>>>
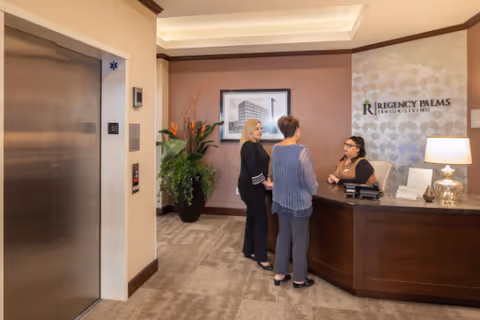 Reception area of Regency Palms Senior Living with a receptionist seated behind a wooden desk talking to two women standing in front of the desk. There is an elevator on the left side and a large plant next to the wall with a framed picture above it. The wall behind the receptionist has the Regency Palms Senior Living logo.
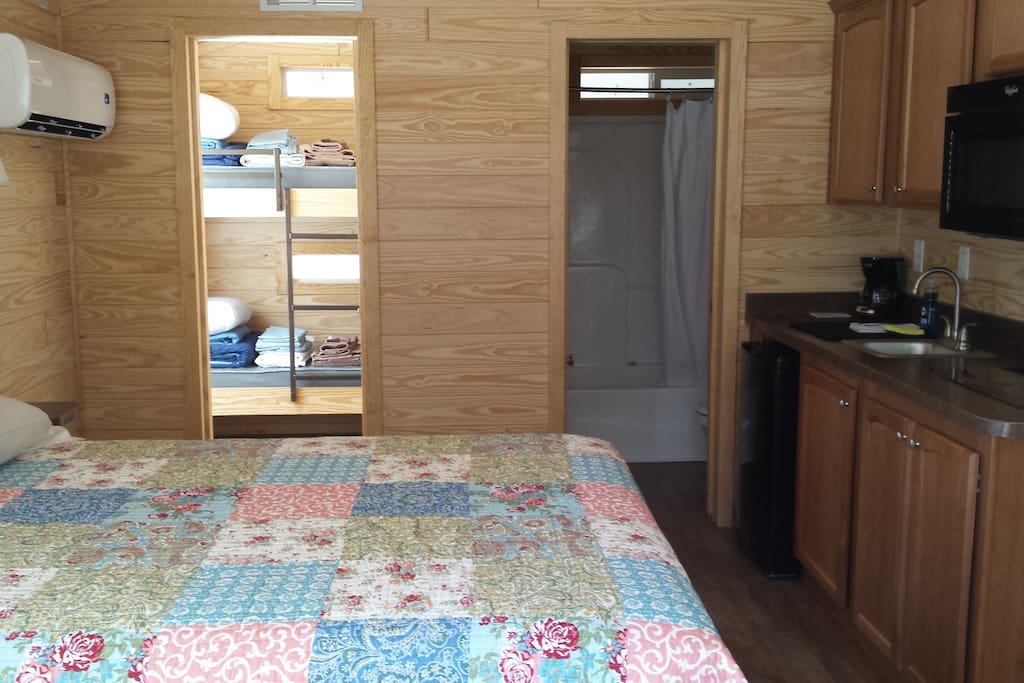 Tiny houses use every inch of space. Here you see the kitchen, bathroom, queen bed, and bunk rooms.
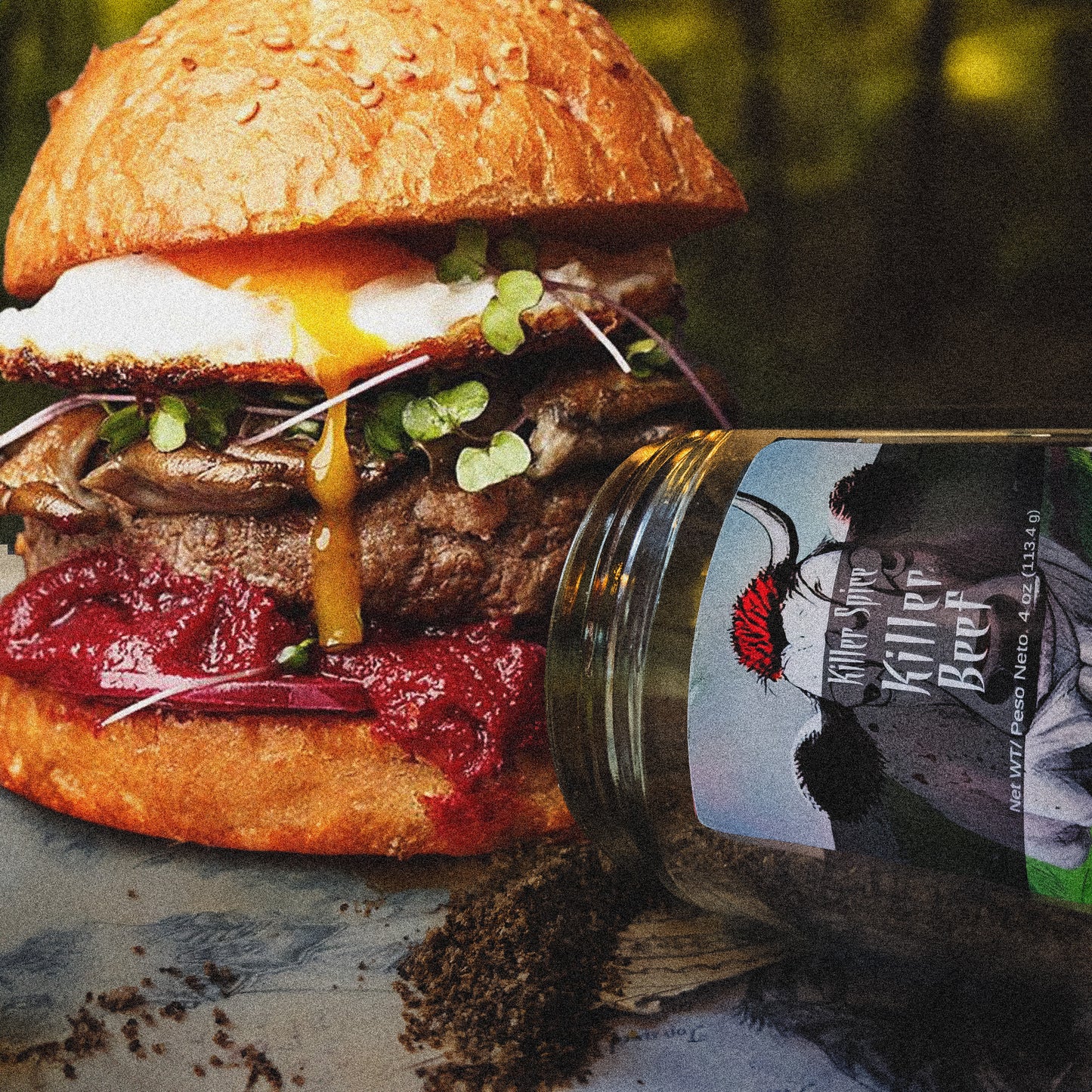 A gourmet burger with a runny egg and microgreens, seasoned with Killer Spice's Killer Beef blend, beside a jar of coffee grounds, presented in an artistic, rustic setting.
<<<
Exercise prompt - Starting at the line that contains "Tiny houses use", write out exactly each line through the last one in the listing above, leaving out the pictures and adding nothing else.

Reply -
 Tiny houses use every inch of space. Here you see the kitchen, bathroom, queen bed, and bunk rooms.
 A gourmet burger with a runny egg and microgreens, seasoned with Killer Spice's Killer Beef blend, beside a jar of coffee grounds, presented in an artistic, rustic setting.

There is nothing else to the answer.